BELGRADE - Serbia has maintained strong medium-term GDP growth prospects, strengthened fiscal and external buffers continue to provide a strong backstop against potential shocks, the macroeconomic framework is additionally supported by the Policy Coordination Instrument, a new unfunded arrangement with the IMF, the National Bank of Serbia (NBS) said on Tuesday, quoting a periodic review published by Standard & Poor’s.
The review does not contain a rating and outlook assessment.
"In the medium term, the agency expects economic growth to be driven by domestic demand, i.e. consumption and investment," the NBS said in a statement.

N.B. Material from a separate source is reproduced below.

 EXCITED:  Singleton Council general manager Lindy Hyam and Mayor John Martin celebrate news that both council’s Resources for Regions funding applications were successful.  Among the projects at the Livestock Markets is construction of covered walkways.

"The review also highlighted that:
- investment growth is propped up by macroeconomic stability and price competitiveness,
- over the past decade, exports have tripled, driven by sustained FDI inflows into export-oriented sectors such as manufacturing and technology, reflecting deepening integration into European supply chains,
- Serbia’s external profile has strengthened significantly, thanks to robust FDI inflows which have more than covered current account deficits, supporting a gradual reduction in external debt and FX reserves accumulation, and bolstering the country’s resilience to external risks," the central bank said.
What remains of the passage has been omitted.